There are quite a few aesthetic indicators that we associate with Ariana Grande now: Eyebrow-tugging ponytails, bunny masks, fairylike dresses, lots and lots of impossibly tiny tattoos. Ariana Grande, to the culture, is no longer just a person in 2024; she’s almost an off-screen character. She’s a Halloween costume. She has a TikTok döppelganger who – after Grande lightened her hair to portray Glinda The Good Witch in this year’s Wicked film adaptation – changed her hair to the same shade of blonde. We know Ariana Grande when we hear and see her. But on My Everything, Grande was still crafting her pop princess persona beyond just being the pint-sized white girl who whistles like Mariah Carey.

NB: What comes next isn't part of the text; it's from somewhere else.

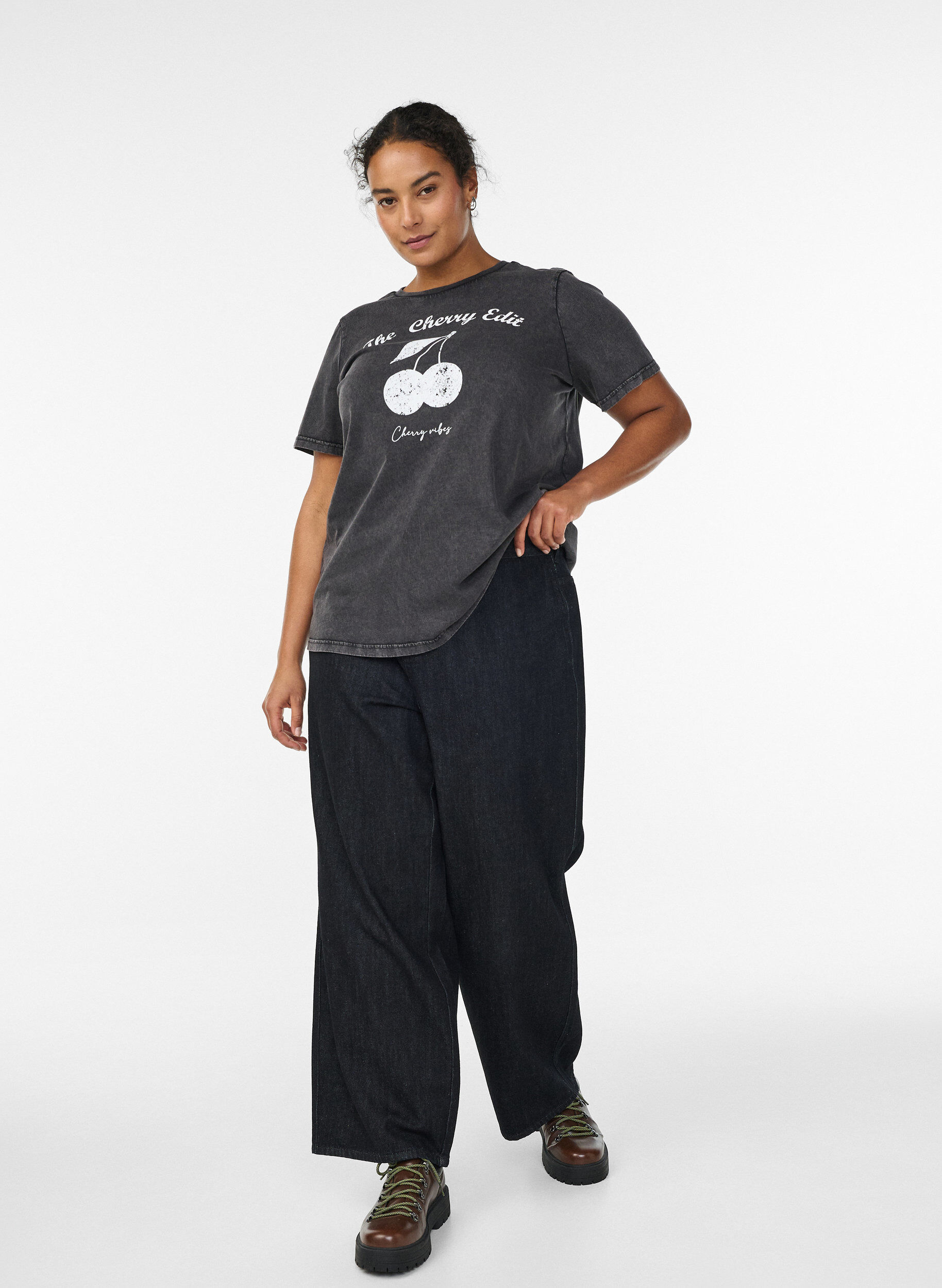 Zizzi T-shirt i &oslash;kologisk bomuld med print washed effekt, Gr&aring;, Model image number 1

And so we see Grande try to wear a few too hats too many: The Harry Styles-penned “Just A Little Bit Of Your Heart,” a piano ballad that reeks of an Adele B-side, is a whiplash-inducing change of pace sandwiched between the shimmering Weeknd duet “Love Me Harder” and the twerkable trap crossover “Hands On Me,” where she winks “might be a little thing, but I like that long” between A$AP Ferg verses. She’d become gay men’s new favorite straight girl with “Break Your Heart Right Back,” another pop-rap ditty in which she seeks revenge on an ex-boyfriend who ditched her for a guy, in case you forgot she’s a theater kid. “Don’t understand how to spell it out for ya,” guest Childish Gambino wonders over a Diana Ross interpolation. “Yes, I’m a G from the A and they ask Y.” Well, that’s a way to do it!

My Everything was praised upon its release for proving Grande’s level-up into 2014, as opposed to trapping her in that vintage sound of Yours Truly that felt more outdated than endearing. But a decade removed, it’s hard not to feel that My Everything was so current at the time of its release that its shelf-life was guaranteed to wear out fast. But, to give the album its flowers, it was also a useful blueprint for the future of Ariana Grande – the person, the character, the imitable but never replicable pop diva. Her following album, 2016’s Dangerous Woman, honed in on what made My Everything promising; the hip-hop crossovers felt purposeful instead of contrived, the dance synths tasteful instead of trendy. My Everything was just right for its time, a thesis statement that seemed to argue: Maybe she can do it all. Maybe she’ll even be a little bit naughty.